Required action. Return the listing that follows, word for word.

Task data.
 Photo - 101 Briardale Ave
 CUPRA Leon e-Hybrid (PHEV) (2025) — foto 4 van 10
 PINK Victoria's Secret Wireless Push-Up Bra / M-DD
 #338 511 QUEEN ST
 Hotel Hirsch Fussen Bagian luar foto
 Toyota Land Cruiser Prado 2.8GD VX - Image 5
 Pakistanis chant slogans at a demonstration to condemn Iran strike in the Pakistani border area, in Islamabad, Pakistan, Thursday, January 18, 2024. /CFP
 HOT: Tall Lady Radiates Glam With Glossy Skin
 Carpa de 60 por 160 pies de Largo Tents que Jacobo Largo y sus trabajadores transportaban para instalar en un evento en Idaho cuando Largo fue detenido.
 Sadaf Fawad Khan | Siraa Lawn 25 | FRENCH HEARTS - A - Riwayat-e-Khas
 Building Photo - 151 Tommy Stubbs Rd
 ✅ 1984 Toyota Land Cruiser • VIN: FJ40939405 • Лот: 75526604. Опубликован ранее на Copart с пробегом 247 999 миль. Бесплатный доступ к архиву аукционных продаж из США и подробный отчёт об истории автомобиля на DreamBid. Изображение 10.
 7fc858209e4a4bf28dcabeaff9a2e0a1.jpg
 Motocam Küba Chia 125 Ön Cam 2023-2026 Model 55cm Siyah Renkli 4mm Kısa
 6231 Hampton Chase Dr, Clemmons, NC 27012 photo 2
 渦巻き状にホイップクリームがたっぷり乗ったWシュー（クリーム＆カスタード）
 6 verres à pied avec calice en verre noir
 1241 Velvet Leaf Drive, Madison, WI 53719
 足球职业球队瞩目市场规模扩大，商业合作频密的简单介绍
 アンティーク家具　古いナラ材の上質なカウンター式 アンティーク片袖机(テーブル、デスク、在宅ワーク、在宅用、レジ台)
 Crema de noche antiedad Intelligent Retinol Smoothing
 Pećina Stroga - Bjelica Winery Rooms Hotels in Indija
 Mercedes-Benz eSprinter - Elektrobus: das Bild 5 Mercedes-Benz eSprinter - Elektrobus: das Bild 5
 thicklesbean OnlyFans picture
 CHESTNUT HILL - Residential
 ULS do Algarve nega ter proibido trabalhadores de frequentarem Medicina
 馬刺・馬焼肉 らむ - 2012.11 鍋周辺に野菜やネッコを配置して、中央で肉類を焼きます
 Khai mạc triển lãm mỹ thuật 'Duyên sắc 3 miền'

Answer space.
 Photo - 101 Briardale Ave
 CUPRA Leon e-Hybrid (PHEV) (2025) — foto 4 van 10
 PINK Victoria's Secret Wireless Push-Up Bra / M-DD
 #338 511 QUEEN ST
 Hotel Hirsch Fussen Bagian luar foto
 Toyota Land Cruiser Prado 2.8GD VX - Image 5
 Pakistanis chant slogans at a demonstration to condemn Iran strike in the Pakistani border area, in Islamabad, Pakistan, Thursday, January 18, 2024. /CFP
 HOT: Tall Lady Radiates Glam With Glossy Skin
 Carpa de 60 por 160 pies de Largo Tents que Jacobo Largo y sus trabajadores transportaban para instalar en un evento en Idaho cuando Largo fue detenido.
 Sadaf Fawad Khan | Siraa Lawn 25 | FRENCH HEARTS - A - Riwayat-e-Khas
 Building Photo - 151 Tommy Stubbs Rd
 ✅ 1984 Toyota Land Cruiser • VIN: FJ40939405 • Лот: 75526604. Опубликован ранее на Copart с пробегом 247 999 миль. Бесплатный доступ к архиву аукционных продаж из США и подробный отчёт об истории автомобиля на DreamBid. Изображение 10.
 7fc858209e4a4bf28dcabeaff9a2e0a1.jpg
 Motocam Küba Chia 125 Ön Cam 2023-2026 Model 55cm Siyah Renkli 4mm Kısa
 6231 Hampton Chase Dr, Clemmons, NC 27012 photo 2
 渦巻き状にホイップクリームがたっぷり乗ったWシュー（クリーム＆カスタード）
 6 verres à pied avec calice en verre noir
 1241 Velvet Leaf Drive, Madison, WI 53719
 足球职业球队瞩目市场规模扩大，商业合作频密的简单介绍
 アンティーク家具　古いナラ材の上質なカウンター式 アンティーク片袖机(テーブル、デスク、在宅ワーク、在宅用、レジ台)
 Crema de noche antiedad Intelligent Retinol Smoothing
 Pećina Stroga - Bjelica Winery Rooms Hotels in Indija
 Mercedes-Benz eSprinter - Elektrobus: das Bild 5 Mercedes-Benz eSprinter - Elektrobus: das Bild 5
 thicklesbean OnlyFans picture
 CHESTNUT HILL - Residential
 ULS do Algarve nega ter proibido trabalhadores de frequentarem Medicina
 馬刺・馬焼肉 らむ - 2012.11 鍋周辺に野菜やネッコを配置して、中央で肉類を焼きます
 Khai mạc triển lãm mỹ thuật 'Duyên sắc 3 miền'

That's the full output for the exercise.